With the emergence of streaming services such as Netflix, Hulu and Amazon Prime Video, traditional TV is finding itself under increased pressure to retain its place as the go-to medium for entertainment, distraction and information. While people still spend more time watching TV then they do using any other medium, there are signs that indicate its future may not look quite as bright.
As figures from Nielsen’s quarterly Total Audience Report indicate, young Americans are watching less and less TV. Since Q1 2011, the time Americans aged 18-24 spend watching TV dropped by more than 40 percent. In the first quarter of 2017, young Americans spent an average of 14 hours and 31 minutes a week watching traditional TV, down from 26 and a half hours in 2011.
Smartphones Beat TV for Young Adults in the U.S.
Despite the rise of mobile devices in recent years, there has always been one undeniable truth: TV was always king of media consumption. According to Nielsen’s most recent Total Audience Report, that truth is now beginning to fade.
While American adults on average still spend roughly twice as much time watching TV as they do using apps or browsing the web on their phones, that no longer holds true for all age groups. Those aged 18 to 24 now spend significantly more time on their smartphones than they do watching traditional TV (both live and timeshifted).
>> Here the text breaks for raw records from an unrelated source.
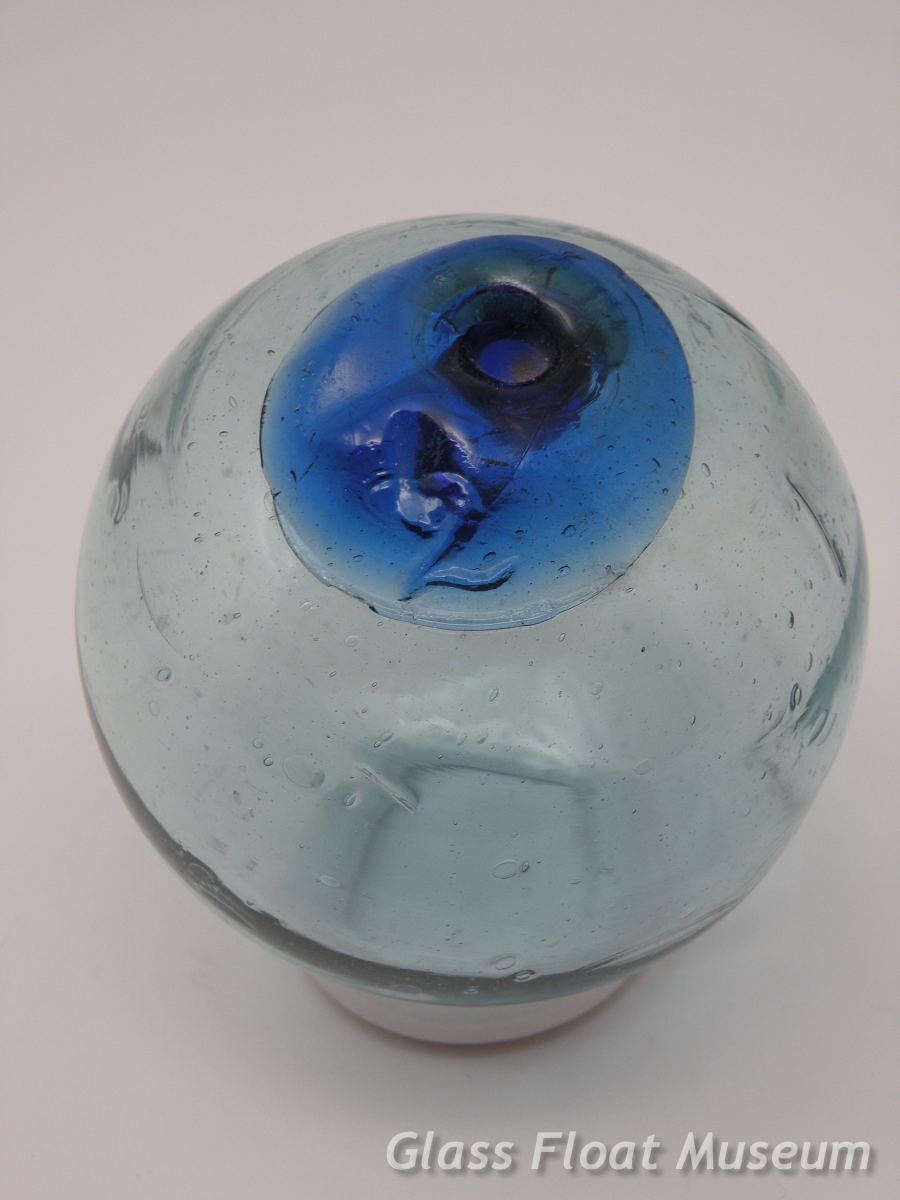 Blue Dot, WP #81 '2', 3 1/2 Inch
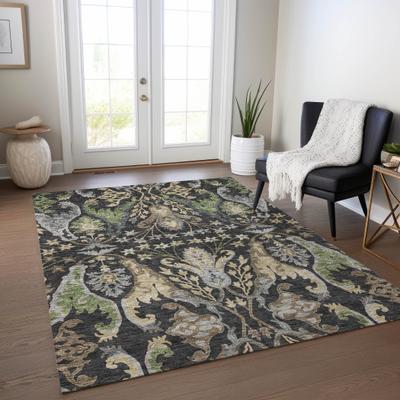 Addison Rugs Machine Washable Indoor/ Outdoor Traditional Craftsman Chantille Rug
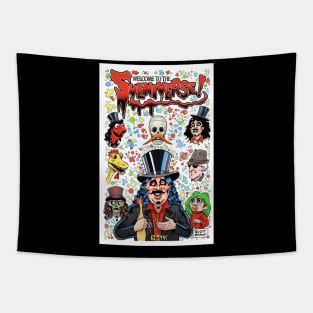 Welcome Svengoolie Tapestry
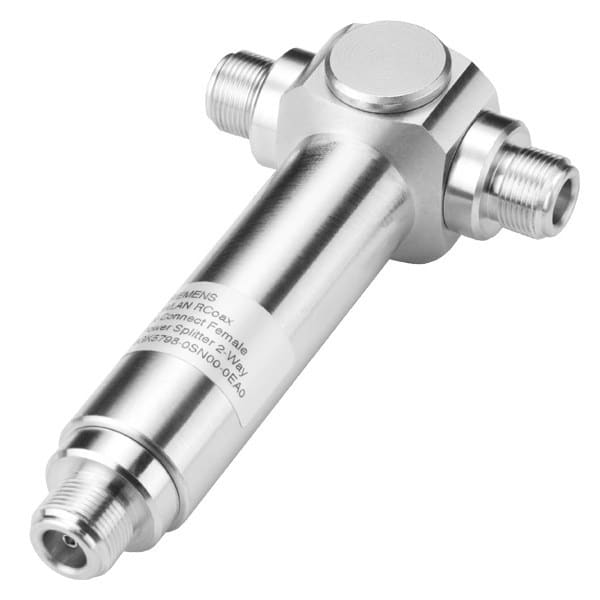 SIEMENS - IWLAN RCoax N-Connect female Power Splitter 2-fach 2,4 und 5 GHz Y-Glied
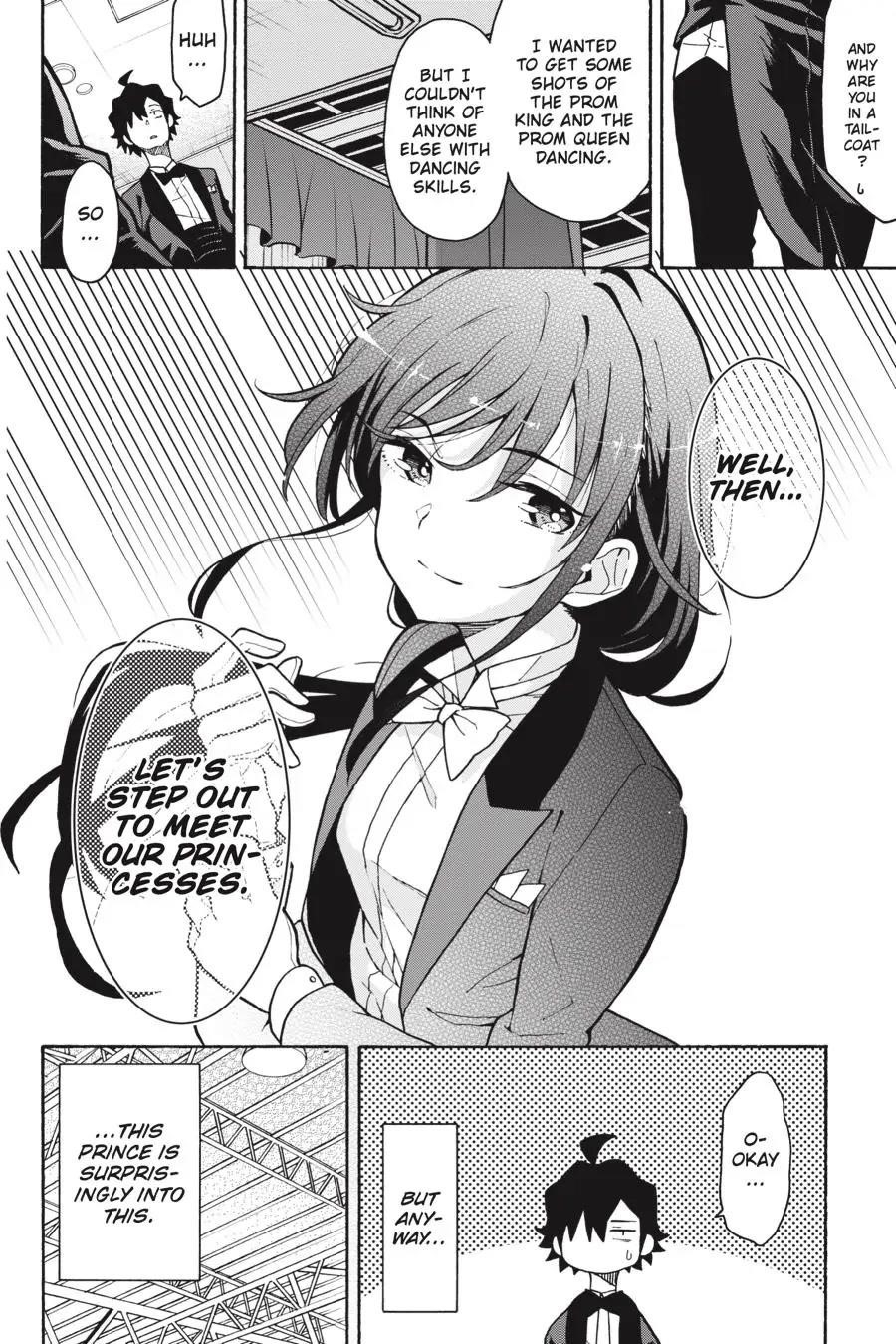 My Youth Romantic Comedy Is Wrong as I Expected @ comic Chapter 91 - Page 12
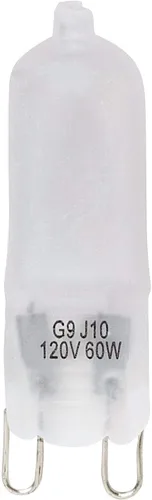Vista 2 de Satco Bombilla S4649 G9 en acabado ligero, 1.63 pulgadas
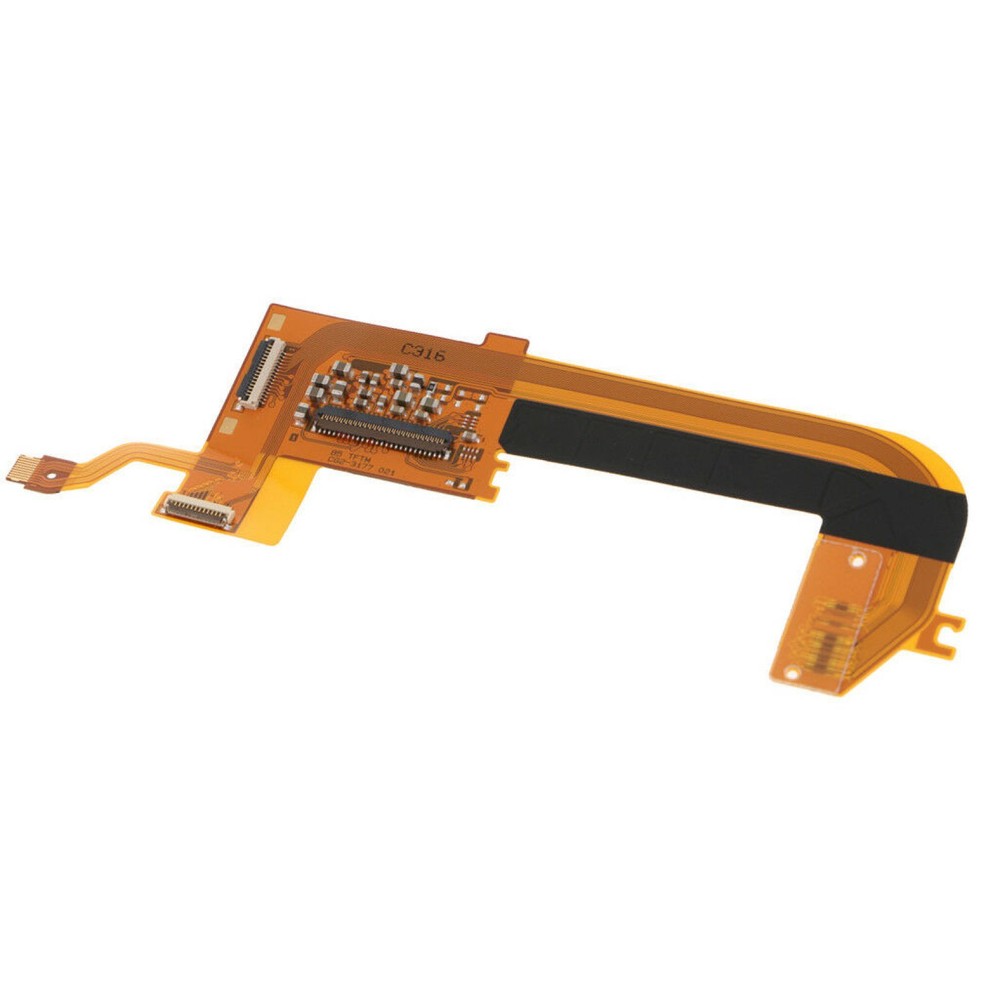 Replacement Rear Back Function Button Flex Cable For Canon D Mark III Camera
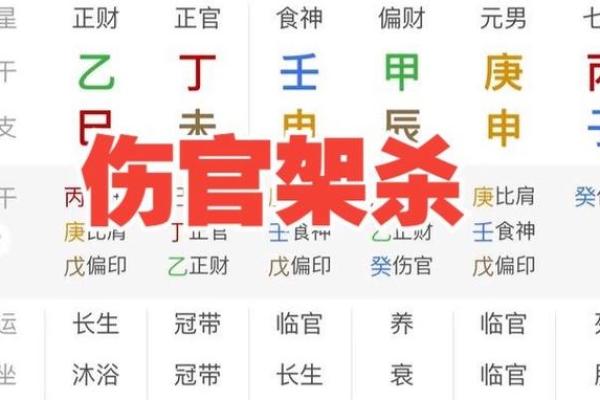 真伤官命格男命：解密成功背后的命理智慧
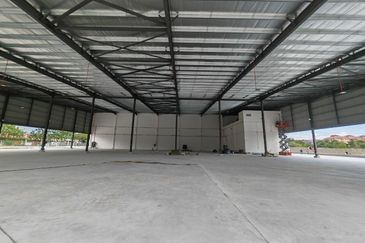 Nilai Industrial Park 2 storey semiD factory for rent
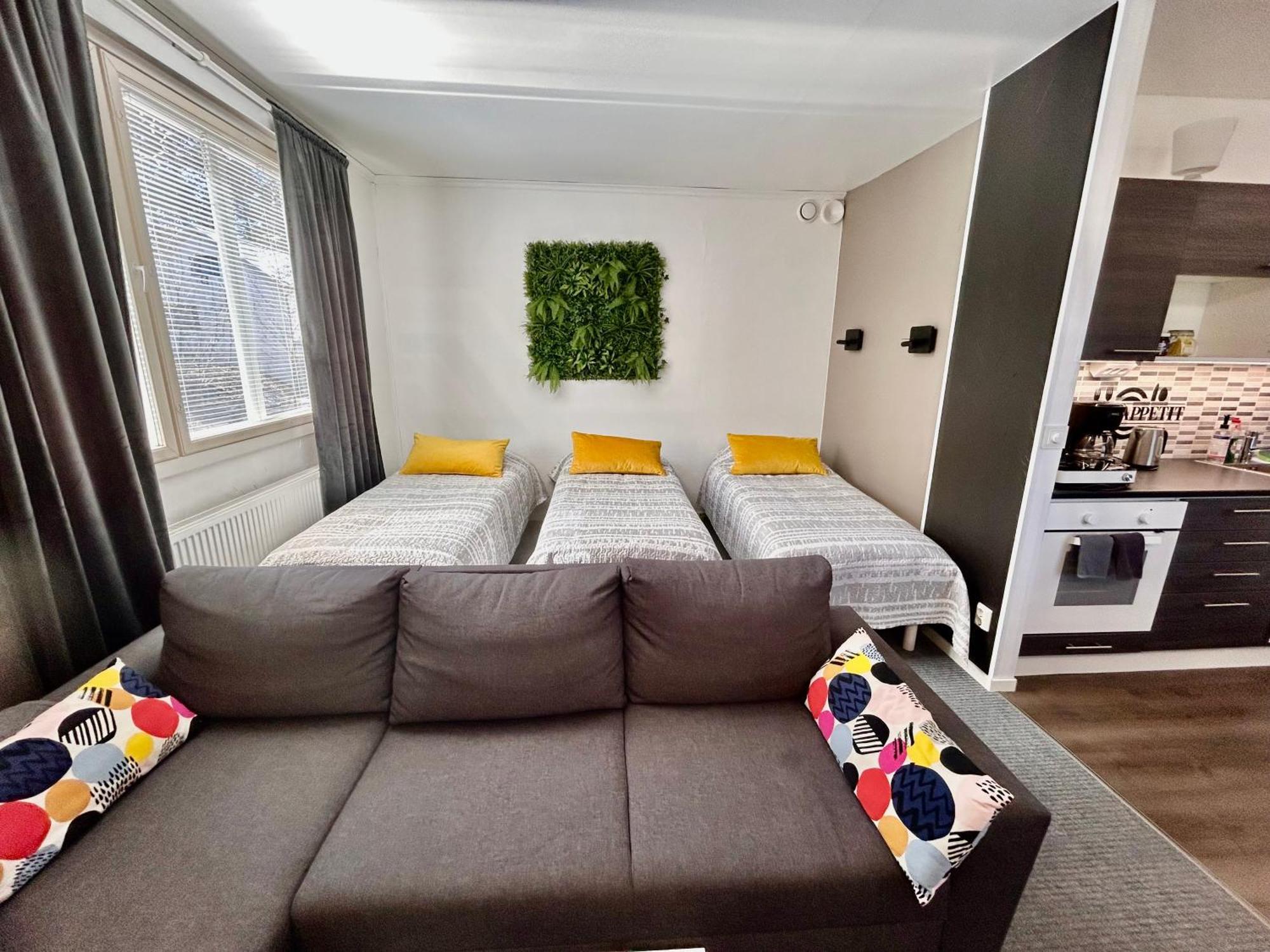 Chillout Studio Apartment ลาห์ตี ภายนอก รูปภาพ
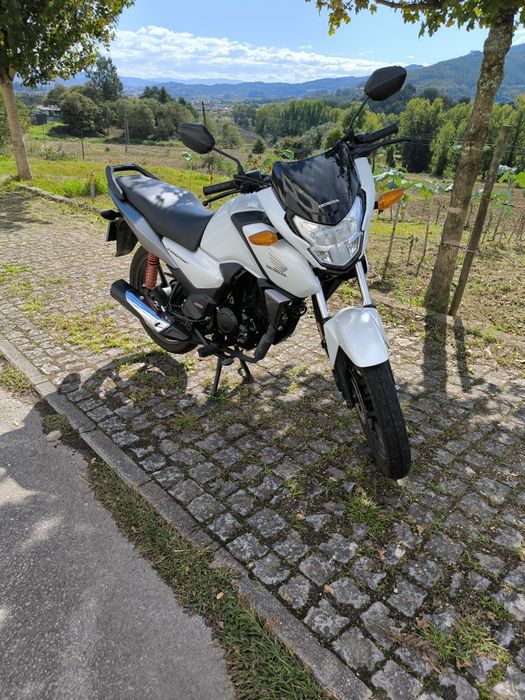 Honda cbf 125 (como nova)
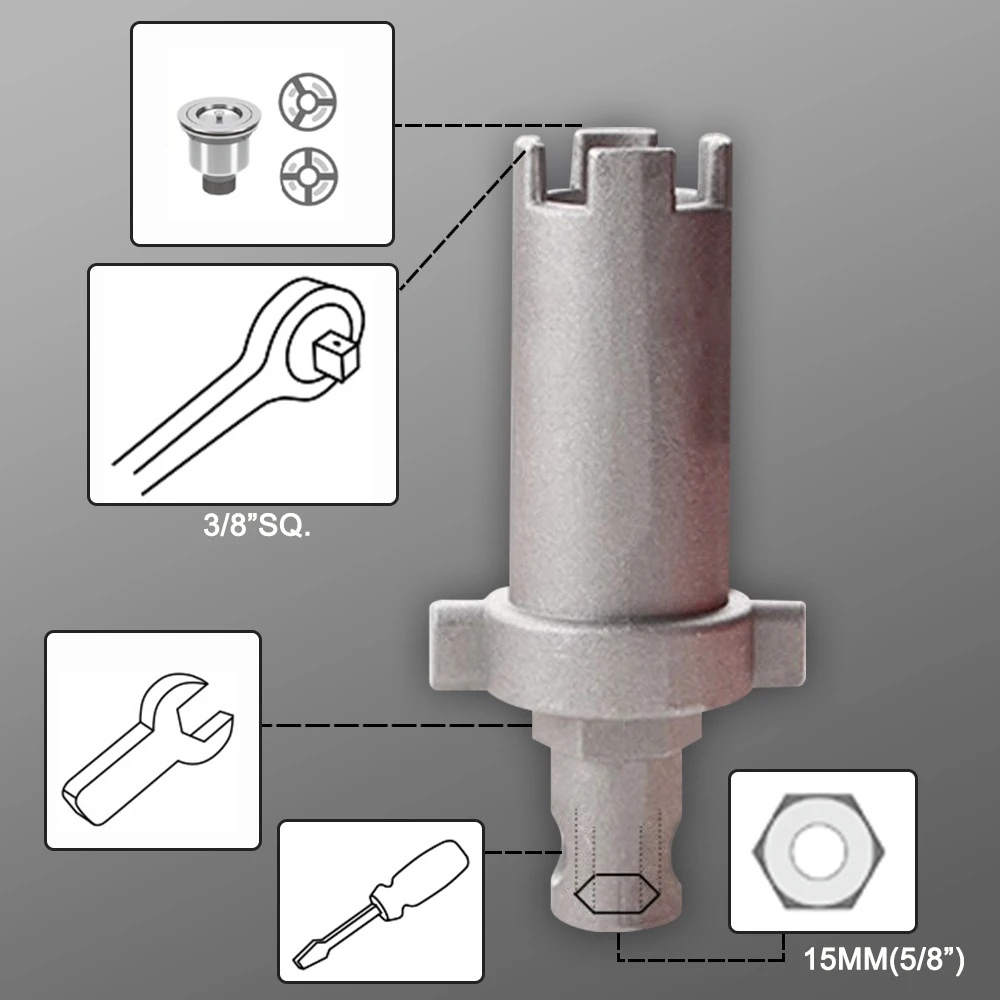 Klucz do baterii TINSOL z anty – Home Bathroom Water Heater recenzja i cena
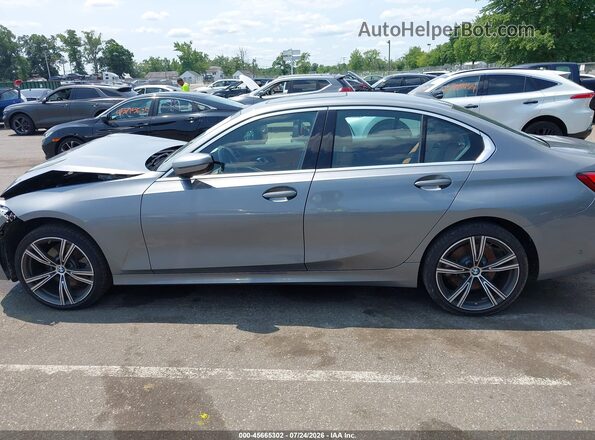 3MW89FF04R8E04261 2024 BMW 3 SERIES Gray 360 interior view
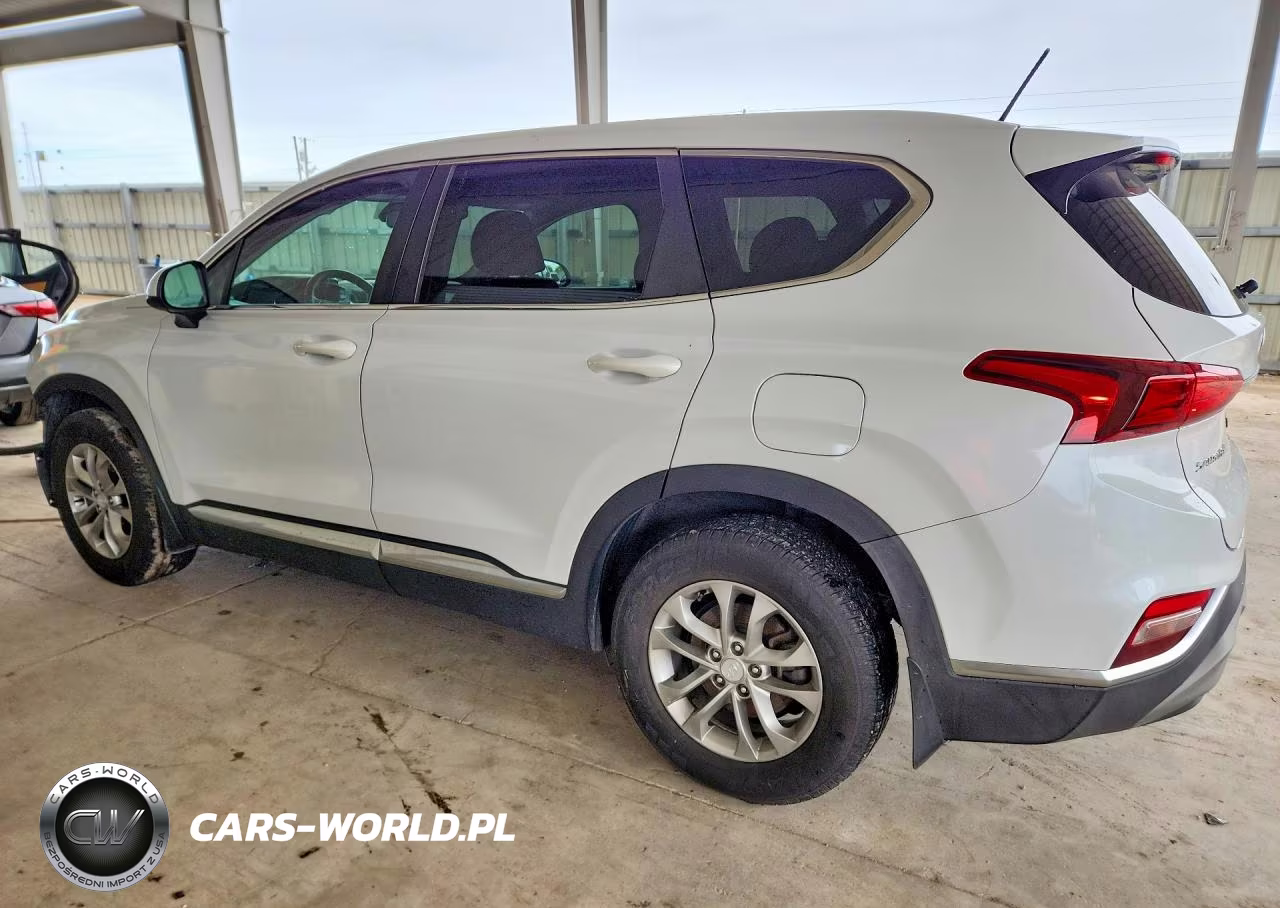 2020 Hyundai Santa Fe Se VIN:5NMS23AD1LH286435 - 2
As the chart illustrates, TV remains the most important screen for everybody else, but it is the beginning of a paradigm shift that will likely see television lose the position it has held for decades. Smartphones, tablets and online services will gradually change people’s media consumption habits until eventually, the idea of having to sit down in front of the TV at a fixed time to watch anything but live sports will be nothing but a distant memory.